Neural Network Layers

These neurons are usually organized into layers, with the outputs of one layer of neurons feeding into the inputs of the next layer of neurons.

Activation Functions

Between the connections of these neurons are the activation functions, which transform the output of the previous layer in some way before feeding it as the input of the next layer.

Architecture

The way these layers interconnect their neurons is known as the architecture of the model.

Deep Learning

Deep learning is the term associated with the usage of neural networks that have many layers and is the primary reason for the revival of machine learning as a useful tool in many fields today.

An Image Recognition Example

As an example, we can say that a trained cat-dog image recognition neural network model is a function that can take as an input an image and outputs a result, telling us whether the image is a picture of a cat or a dog.

The way we can make the model do this is by adjusting the parameters of the model in such a way that it can do the task of image recognition – recognizing cats from dogs.

So now the problem becomes how do we come up with a set of parameters for the model so that it does the task well. This is done by training the model with example images of cats and dogs.

Training the Model

In order to train a model, it is given a set of inputs, known as the training dataset (which for the image recognition task of distinguishing cats from dogs, the inputs are images of cats and dogs).

Aside from the input data, there needs to be some target output (also called a label) associated with each input, which in the case of cat-dog image recognition task, is a label telling us that each input image is either a cat or a dog. So we can’t just have pictures of cats and dogs, we need to have labelled examples of cat and dog images.

The task of an image recognition model is then, given an input image, is to make a prediction, i.e. output a result. This result is then compared to the target output (i.e. the correct label) for each input image.

How much the model output is right or wrong for each input (for classification tasks), or how far the model is wrong or right for a continuous value (for regression tasks) is known as the loss. The loss is usually (but not necessarily always) computed in such a way that the more accurate or better the model is in making a prediction, the smaller the loss.

This function that measures the difference between the target output versus the output predicted by the model is known as the loss function.
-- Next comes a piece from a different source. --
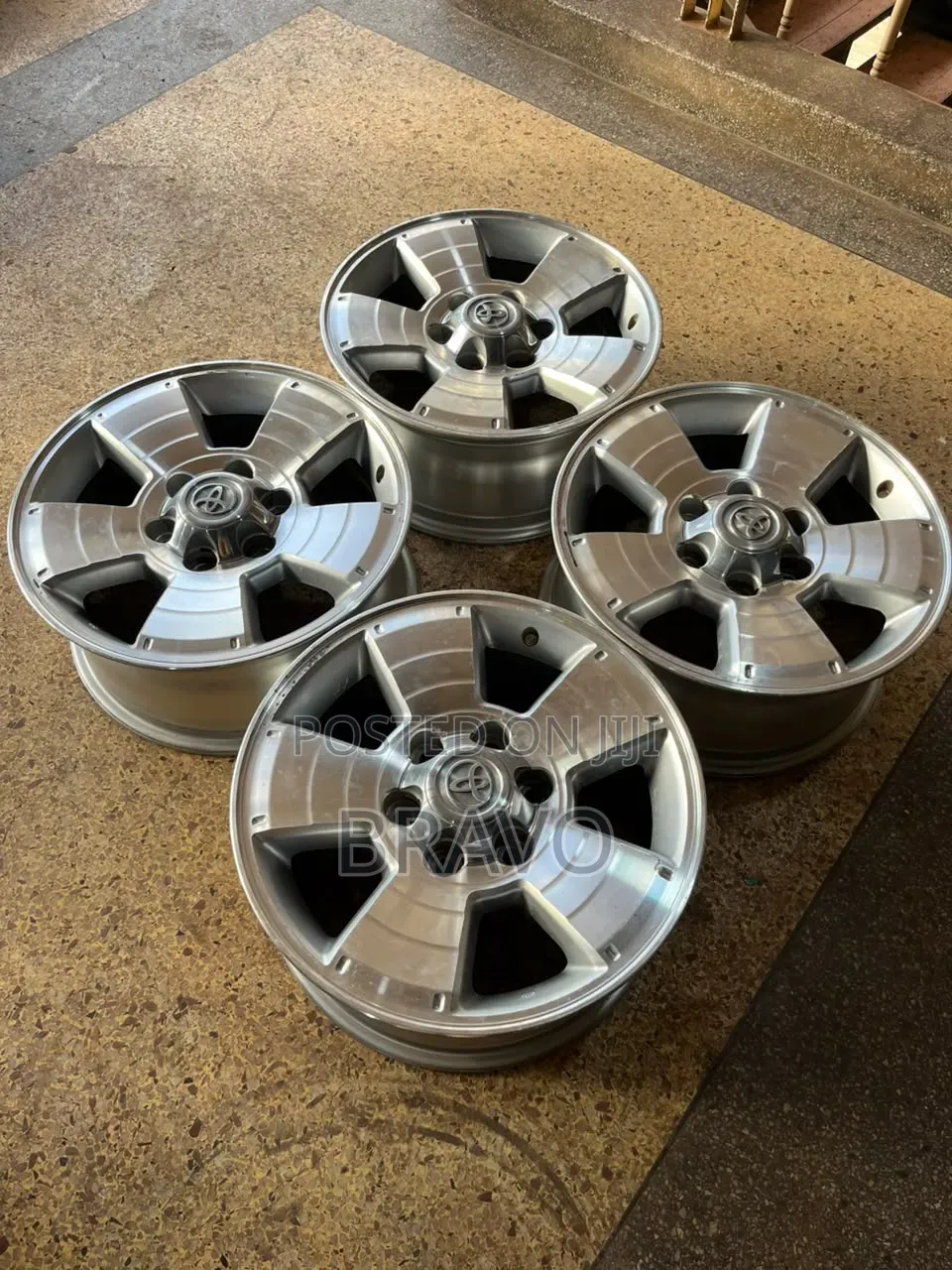 Land Cruiser Size 17 Rims From Japan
So we can say that the loss function which the one that produces a measure of a model’s performance.

Once a loss is computed (this is a numerical value that indicates how well a model is doing its task, usually the smaller the better), the next step is to improve or optimize the model’s performance by adjusting the weights.

How it does that computation of the adjustment is done by an algorithm known as Gradient Descent, which is one of the secret ingredients (if ever there was one) behind the power of neural networks.
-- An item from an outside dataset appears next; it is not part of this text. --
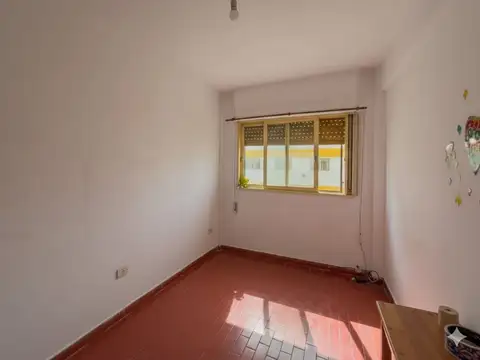 Departamento en Venta en Villa Elisa, USD 30.000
Supervised Learning and Other Types of Learning

Because this machine learning process uses a set of labelled data (associated with each input data is the target result or label, whether this is a category or a continuous number) which used to check the models predictions if they correct or not (in other words, the labels are used to supervise whether the model is behaving correctly), it is called supervised learning.

There are other methods that don’t use labels as such – as in unsupervised learning where the model uses unlabeled data to extract patterns that maybe useful in classifying the data. Another approach is called semi-supervised or self-supervised learning where the labels maybe embedded in the input data itself.

An example of this is in Natural Language Processing (NLP) where models might use text from Wikipedia and other sources as the input data and the model is trained such that it can extract the patterns from the underlying language, for example, in language generation, such that given a sequence of words, the model is able to predict the next word or next sets of words that will appear in a sentence or paragraph. The “labels” as such are embedded or latent in the data of the text itself, so while there is no explicit label, the goal is to create a model, given a start of a sentence, might be capable of being able predict what the missing word or words might be. So the goal or loss function might be to improve the accuracy of the prediction and therefore a model can be trained this way, despite the input data not having explicit labels associated with it.

Another area of machine learning is Reinforcement Learning, where a model takes on a task such as playing a video game or Go or chess, where the loss function is to minimize its losses (and/or maximize its wins). And by playing against a copy of itself, the model learns what strategies leads to success or failures and keeps improving and improving until, for example, it could beat their human counterparts.

This article will be focused primarily on supervised learning as this is the basic building block for all the other methods.

Gradient Descent

As stated previously, Gradient Descent is the process that models use in order to adjust their parameters towards some goal.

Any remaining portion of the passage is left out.